Is there a notation for summing a non-variable set of exponents

Question

Given a static (not variable) range of integers, such as One Through Five, I have this equation.

$b^1$ + $b^2$ + $b^3$ + $b^4$ + $b^5$

Is there a shorter way to write that, knowing that this is not a variable set of exponents, but only with this static range?

Also, without using Sigma if possible, as I can see where n is from 1 to 5, but trying to avoid that.

Also, without using functions f(), if possible.

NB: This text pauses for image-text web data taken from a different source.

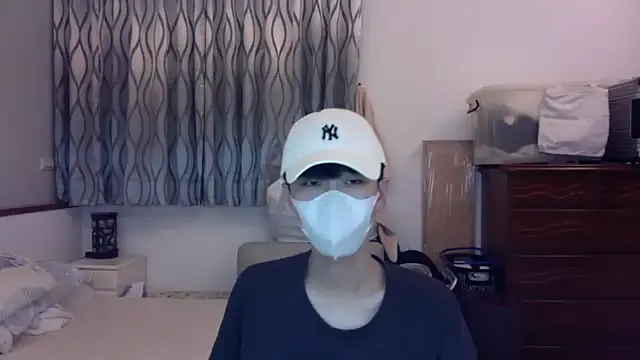 jacques_season – webcam model profile photo Image 5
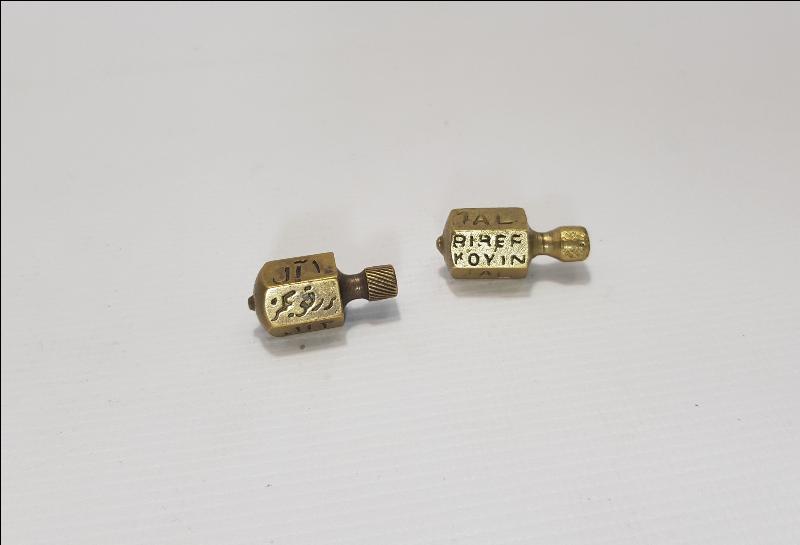 OSMANLICA VE TÜRKÇE YAZILI İKİ ADET FIRDÖNDÜ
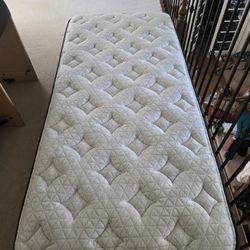 Helix Luxe Midnight Twin XL - Perfect Condition 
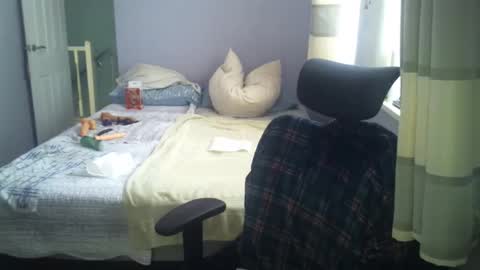 Snapshot of hotboyron chatting on May 12, 2026, 9:06 am hotboyron online show from May 12, 2026, 9:06 am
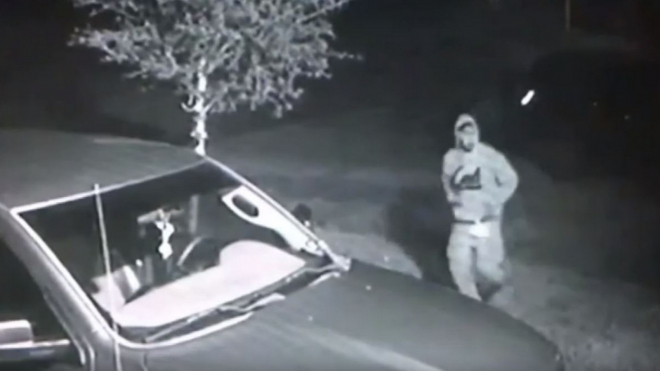 Muž našel způsob, jak jezdit cizím autem, aniž by ho ukradl. Nakonec ale spadla klec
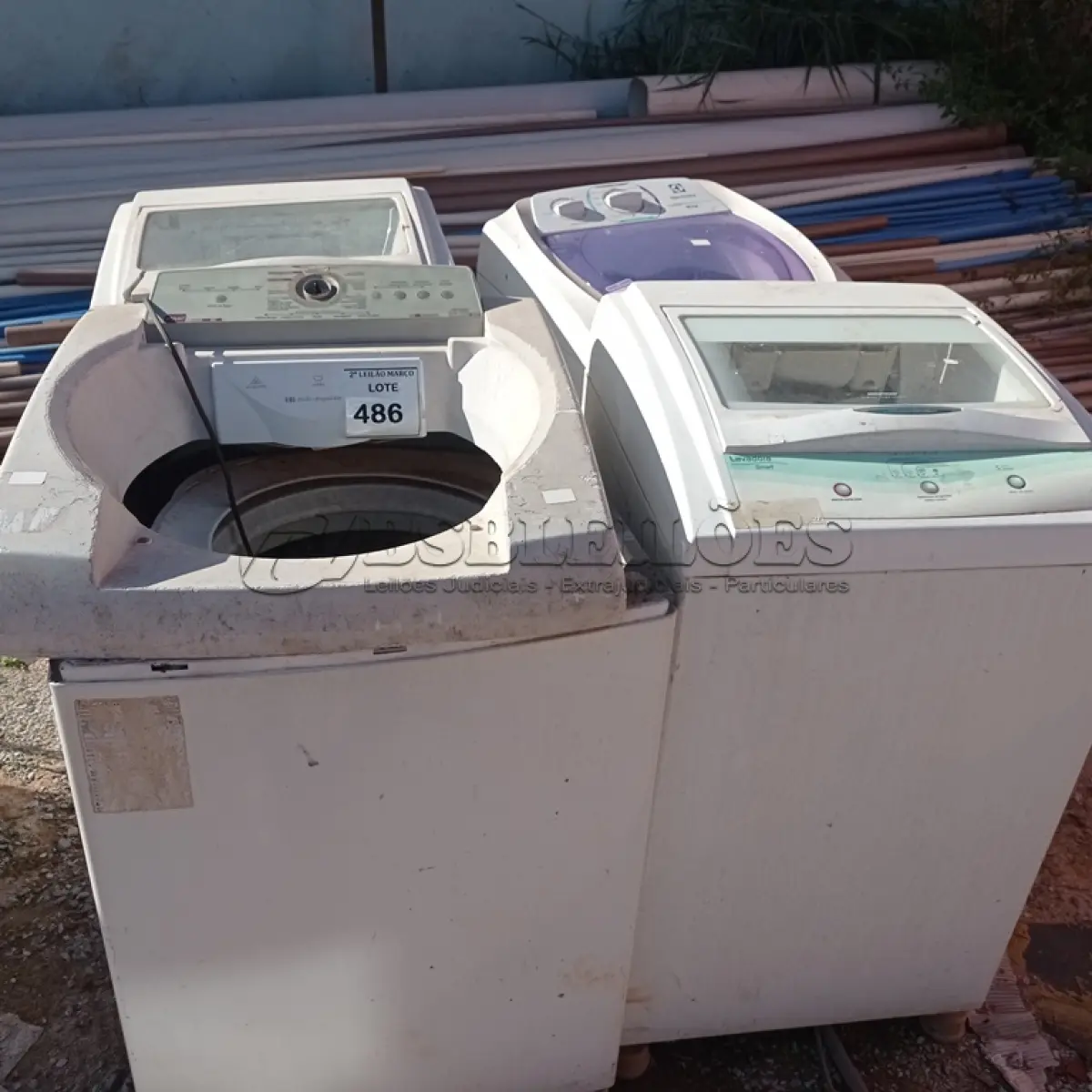 LOTE 486 - 04 MÁQUINAS DE LAVAR ROUPAS MARCAS E MODELOS DIVERSOS C/AVARIAS. (NO ESTADO) ATENÇÃO! FAZER A VISITAÇÃO ANTES DE ARREMATAR, NÃO SABEMOS SE FUNCIONA. LEILÃO NÃO TEM GARANTIA E NEM DEVOLUÇÃO, SUJEITO A POSSÍVEIS AVARIAS VISÍVEIS/OCULTAS E/OU AUSÊNCIA DE COMPONENTES.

I'm imagining something, though this is probably wrong, like $3^{5!}$, or $3^{1 to 5}$ though that notation doesn't really exist I believe.

Answer 1

If it's clear from context what the exponents vary over, then you can write $b^1 + \dots + b^5,$ although usually one would write this as $b^1 + b^2 + \dots + b^5.$ However, if you're only going from $1$ to $5$ (or ranging over even fewer many integers), then it doesn't seem worth writing anything more abbreviated than $b^ 1 + b^2 + b^3 + b^4 + b^5.$ The two versions I gave using "$\dots$" are more useful when the integers range over a larger set.

For examples, see the use of "$\dots$" at Sum of the form $r+r^2+r^4+\dots+r^{2^k} = \sum_{i=1}^k r^{2^i}$, which I happened to think of because I recently cited this in a Mathematics Stack Exchange comment for another question.